Exercise prompt >>
Read through the entries below and return each line with the word "from".

Exercise data >>
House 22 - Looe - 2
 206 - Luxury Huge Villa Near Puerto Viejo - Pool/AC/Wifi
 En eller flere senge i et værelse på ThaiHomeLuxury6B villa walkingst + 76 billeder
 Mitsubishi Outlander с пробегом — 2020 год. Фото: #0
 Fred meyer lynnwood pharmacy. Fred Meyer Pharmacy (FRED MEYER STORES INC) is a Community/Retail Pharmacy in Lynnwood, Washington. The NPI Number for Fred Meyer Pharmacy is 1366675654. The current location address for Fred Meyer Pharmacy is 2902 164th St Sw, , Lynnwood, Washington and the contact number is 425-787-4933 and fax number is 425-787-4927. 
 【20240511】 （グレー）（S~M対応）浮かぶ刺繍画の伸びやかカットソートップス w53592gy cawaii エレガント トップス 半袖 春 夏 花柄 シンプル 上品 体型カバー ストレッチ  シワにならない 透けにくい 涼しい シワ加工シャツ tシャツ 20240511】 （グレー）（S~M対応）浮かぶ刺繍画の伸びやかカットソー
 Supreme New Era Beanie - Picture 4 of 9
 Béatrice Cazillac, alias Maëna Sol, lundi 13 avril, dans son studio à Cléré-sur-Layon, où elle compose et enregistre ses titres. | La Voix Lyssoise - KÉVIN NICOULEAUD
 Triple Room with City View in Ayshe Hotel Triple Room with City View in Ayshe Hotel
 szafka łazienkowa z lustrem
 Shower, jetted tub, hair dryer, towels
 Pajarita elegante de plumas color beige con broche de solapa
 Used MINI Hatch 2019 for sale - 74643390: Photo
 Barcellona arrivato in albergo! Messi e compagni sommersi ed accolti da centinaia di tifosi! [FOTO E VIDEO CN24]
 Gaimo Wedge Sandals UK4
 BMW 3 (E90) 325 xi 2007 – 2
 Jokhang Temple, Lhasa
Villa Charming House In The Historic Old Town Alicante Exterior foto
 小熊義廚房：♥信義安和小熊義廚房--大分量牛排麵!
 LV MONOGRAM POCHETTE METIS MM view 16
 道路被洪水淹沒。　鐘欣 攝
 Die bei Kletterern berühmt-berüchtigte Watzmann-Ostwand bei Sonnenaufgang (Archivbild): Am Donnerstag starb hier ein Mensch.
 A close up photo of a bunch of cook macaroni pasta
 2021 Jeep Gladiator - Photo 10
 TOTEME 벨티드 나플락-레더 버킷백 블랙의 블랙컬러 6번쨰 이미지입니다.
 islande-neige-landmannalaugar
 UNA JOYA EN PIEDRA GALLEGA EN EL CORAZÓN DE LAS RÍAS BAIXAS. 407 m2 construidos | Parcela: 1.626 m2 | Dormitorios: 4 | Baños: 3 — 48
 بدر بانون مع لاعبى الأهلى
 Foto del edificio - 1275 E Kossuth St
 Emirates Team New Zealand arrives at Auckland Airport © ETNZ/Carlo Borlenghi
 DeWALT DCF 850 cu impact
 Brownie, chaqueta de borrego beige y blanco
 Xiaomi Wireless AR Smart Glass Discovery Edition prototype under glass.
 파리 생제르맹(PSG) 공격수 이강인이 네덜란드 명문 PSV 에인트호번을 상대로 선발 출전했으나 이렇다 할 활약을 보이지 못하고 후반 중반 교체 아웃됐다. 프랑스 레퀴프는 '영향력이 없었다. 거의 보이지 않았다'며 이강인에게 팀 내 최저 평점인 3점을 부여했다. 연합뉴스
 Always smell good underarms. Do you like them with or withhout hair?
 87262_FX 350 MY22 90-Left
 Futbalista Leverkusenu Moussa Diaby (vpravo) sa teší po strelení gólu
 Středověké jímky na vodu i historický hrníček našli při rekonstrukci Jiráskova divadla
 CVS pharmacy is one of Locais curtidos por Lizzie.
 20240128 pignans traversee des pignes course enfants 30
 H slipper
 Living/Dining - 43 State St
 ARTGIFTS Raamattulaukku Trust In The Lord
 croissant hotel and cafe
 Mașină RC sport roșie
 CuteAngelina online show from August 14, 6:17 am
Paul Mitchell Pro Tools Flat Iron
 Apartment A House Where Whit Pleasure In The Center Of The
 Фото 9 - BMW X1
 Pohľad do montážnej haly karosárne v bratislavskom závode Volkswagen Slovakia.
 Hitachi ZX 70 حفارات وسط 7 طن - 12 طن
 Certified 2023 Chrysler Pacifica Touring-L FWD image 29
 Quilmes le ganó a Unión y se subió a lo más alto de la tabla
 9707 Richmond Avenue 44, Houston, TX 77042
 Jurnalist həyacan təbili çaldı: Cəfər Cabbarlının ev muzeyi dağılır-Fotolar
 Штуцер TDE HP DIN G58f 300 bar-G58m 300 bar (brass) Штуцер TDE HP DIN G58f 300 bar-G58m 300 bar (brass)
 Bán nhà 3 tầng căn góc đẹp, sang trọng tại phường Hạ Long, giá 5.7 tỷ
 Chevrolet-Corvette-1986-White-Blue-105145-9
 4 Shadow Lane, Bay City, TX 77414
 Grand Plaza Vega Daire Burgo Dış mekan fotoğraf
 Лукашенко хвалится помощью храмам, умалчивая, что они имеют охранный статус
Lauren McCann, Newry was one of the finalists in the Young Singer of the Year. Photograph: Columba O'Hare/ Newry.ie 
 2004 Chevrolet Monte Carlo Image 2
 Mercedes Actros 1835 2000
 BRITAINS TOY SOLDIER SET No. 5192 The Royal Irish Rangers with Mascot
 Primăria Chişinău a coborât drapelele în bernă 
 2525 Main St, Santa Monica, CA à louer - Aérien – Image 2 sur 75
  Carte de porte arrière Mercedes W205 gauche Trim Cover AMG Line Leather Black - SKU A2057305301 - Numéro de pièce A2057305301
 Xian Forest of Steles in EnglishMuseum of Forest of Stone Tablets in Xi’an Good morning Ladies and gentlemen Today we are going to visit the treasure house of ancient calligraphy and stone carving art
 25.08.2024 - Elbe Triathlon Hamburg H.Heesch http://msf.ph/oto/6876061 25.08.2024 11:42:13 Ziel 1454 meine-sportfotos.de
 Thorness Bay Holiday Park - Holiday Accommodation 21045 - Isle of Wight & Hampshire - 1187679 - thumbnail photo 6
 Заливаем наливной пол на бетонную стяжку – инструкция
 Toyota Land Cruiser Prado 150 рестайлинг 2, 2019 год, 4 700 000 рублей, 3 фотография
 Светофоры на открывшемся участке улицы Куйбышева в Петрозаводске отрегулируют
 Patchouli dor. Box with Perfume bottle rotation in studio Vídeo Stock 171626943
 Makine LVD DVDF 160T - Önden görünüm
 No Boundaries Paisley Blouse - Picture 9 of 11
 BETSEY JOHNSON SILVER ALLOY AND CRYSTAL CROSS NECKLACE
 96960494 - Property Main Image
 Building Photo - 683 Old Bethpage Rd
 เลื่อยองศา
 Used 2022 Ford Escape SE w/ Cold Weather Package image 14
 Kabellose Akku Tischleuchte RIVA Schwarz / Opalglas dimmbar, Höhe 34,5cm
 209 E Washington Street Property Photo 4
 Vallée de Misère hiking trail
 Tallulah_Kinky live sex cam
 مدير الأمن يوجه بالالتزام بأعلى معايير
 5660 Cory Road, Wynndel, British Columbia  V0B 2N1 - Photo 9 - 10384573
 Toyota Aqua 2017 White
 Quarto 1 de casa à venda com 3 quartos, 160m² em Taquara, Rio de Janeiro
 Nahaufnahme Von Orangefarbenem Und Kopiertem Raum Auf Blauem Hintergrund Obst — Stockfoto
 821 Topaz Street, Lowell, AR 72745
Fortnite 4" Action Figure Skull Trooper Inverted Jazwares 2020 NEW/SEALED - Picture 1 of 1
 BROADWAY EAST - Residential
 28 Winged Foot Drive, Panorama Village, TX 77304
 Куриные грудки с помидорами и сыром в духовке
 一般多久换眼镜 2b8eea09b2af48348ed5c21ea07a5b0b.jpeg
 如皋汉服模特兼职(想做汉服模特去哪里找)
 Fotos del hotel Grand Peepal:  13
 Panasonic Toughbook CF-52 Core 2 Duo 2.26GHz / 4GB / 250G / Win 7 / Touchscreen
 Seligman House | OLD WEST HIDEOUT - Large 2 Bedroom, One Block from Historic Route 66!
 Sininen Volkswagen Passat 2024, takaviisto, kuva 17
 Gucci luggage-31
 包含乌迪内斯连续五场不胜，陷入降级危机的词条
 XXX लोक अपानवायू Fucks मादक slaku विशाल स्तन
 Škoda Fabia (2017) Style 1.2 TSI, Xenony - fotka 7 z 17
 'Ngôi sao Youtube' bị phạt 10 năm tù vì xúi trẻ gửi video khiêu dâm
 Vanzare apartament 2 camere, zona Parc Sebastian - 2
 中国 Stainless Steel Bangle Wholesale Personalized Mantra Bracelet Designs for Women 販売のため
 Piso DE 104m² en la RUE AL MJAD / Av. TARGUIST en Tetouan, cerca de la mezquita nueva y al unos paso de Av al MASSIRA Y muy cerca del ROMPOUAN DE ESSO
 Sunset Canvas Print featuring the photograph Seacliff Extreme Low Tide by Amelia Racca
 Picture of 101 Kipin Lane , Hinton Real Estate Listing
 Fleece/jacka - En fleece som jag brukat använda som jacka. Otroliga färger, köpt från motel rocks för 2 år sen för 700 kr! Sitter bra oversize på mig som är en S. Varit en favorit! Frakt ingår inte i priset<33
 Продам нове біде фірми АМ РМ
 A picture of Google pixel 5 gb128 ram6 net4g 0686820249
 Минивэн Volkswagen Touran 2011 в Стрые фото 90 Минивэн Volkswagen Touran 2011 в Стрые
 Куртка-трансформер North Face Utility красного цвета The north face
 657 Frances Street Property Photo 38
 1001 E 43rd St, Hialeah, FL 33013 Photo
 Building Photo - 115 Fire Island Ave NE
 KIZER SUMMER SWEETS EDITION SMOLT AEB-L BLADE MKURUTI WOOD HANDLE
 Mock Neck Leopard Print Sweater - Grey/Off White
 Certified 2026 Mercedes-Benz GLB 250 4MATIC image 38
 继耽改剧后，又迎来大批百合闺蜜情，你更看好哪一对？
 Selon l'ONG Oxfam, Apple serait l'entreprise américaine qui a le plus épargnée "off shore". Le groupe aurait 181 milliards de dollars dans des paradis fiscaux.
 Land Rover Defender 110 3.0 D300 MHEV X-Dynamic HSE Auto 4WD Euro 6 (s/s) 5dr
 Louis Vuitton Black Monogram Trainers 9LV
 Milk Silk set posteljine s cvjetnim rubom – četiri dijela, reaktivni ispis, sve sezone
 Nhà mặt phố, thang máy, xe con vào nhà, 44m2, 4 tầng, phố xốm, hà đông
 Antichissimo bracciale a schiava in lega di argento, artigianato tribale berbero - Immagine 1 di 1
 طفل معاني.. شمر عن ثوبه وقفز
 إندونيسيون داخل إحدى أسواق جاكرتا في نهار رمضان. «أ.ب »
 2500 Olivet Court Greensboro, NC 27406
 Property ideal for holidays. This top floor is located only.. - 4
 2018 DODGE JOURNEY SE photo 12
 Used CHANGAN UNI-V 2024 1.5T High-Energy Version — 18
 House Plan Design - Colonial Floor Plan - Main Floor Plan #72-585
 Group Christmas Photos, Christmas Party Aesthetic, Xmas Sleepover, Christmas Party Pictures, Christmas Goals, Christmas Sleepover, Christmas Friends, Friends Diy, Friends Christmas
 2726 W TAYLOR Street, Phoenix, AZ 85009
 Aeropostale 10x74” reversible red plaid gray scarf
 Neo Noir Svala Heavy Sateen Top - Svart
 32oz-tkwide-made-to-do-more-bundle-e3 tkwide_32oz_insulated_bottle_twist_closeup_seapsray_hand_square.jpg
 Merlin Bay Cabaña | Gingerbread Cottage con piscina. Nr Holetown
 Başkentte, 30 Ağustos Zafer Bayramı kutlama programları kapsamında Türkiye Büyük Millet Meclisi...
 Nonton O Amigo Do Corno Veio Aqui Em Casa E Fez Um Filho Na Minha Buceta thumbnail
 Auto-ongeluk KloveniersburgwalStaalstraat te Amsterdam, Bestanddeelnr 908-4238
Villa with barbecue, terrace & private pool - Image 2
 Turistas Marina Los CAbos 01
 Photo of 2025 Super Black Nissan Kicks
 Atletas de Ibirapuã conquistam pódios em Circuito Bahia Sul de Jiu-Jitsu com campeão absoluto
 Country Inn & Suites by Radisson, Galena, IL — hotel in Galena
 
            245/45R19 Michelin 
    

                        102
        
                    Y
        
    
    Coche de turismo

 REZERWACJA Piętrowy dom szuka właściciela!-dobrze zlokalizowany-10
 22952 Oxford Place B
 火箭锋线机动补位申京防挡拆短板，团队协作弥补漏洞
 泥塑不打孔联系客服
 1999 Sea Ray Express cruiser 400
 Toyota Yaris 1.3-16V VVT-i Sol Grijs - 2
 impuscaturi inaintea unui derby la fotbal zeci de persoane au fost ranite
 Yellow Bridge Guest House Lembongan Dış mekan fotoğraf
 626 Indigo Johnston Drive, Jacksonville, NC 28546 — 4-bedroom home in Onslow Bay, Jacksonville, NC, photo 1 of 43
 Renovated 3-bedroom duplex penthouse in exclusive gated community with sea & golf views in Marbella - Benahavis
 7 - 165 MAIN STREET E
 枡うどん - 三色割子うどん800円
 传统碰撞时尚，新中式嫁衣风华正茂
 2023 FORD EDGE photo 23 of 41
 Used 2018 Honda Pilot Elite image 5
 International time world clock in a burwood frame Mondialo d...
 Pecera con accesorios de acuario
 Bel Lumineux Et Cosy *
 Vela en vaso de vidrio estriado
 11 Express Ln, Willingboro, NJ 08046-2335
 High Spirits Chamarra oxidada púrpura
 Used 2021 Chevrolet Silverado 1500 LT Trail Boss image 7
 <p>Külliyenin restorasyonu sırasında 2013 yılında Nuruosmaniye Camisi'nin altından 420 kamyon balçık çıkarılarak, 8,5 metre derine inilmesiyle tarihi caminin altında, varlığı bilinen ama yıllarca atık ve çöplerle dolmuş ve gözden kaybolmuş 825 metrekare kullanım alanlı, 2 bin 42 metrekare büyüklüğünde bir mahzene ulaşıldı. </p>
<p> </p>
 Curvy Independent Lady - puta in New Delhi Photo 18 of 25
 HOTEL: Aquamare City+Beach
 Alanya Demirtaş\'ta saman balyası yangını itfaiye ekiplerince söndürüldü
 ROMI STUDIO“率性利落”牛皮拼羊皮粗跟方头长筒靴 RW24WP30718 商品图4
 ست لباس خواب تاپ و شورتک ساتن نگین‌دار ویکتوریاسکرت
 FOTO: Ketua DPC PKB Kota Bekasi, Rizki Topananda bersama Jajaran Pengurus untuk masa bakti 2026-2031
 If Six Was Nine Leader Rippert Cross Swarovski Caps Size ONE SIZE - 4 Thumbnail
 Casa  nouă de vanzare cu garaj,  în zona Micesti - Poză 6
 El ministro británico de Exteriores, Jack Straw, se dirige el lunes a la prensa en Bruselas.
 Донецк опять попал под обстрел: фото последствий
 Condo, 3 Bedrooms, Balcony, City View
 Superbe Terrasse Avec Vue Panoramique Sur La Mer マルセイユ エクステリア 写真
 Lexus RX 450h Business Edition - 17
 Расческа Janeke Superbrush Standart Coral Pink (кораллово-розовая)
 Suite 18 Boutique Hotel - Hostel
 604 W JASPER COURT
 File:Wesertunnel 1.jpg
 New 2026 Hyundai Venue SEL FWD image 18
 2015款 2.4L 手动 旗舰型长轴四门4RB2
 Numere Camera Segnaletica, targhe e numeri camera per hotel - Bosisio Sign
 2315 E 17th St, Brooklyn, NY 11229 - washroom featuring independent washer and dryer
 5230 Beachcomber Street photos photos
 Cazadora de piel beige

Result of this task >>
 CuteAngelina online show from August 14, 6:17 am
 Seligman House | OLD WEST HIDEOUT - Large 2 Bedroom, One Block from Historic Route 66!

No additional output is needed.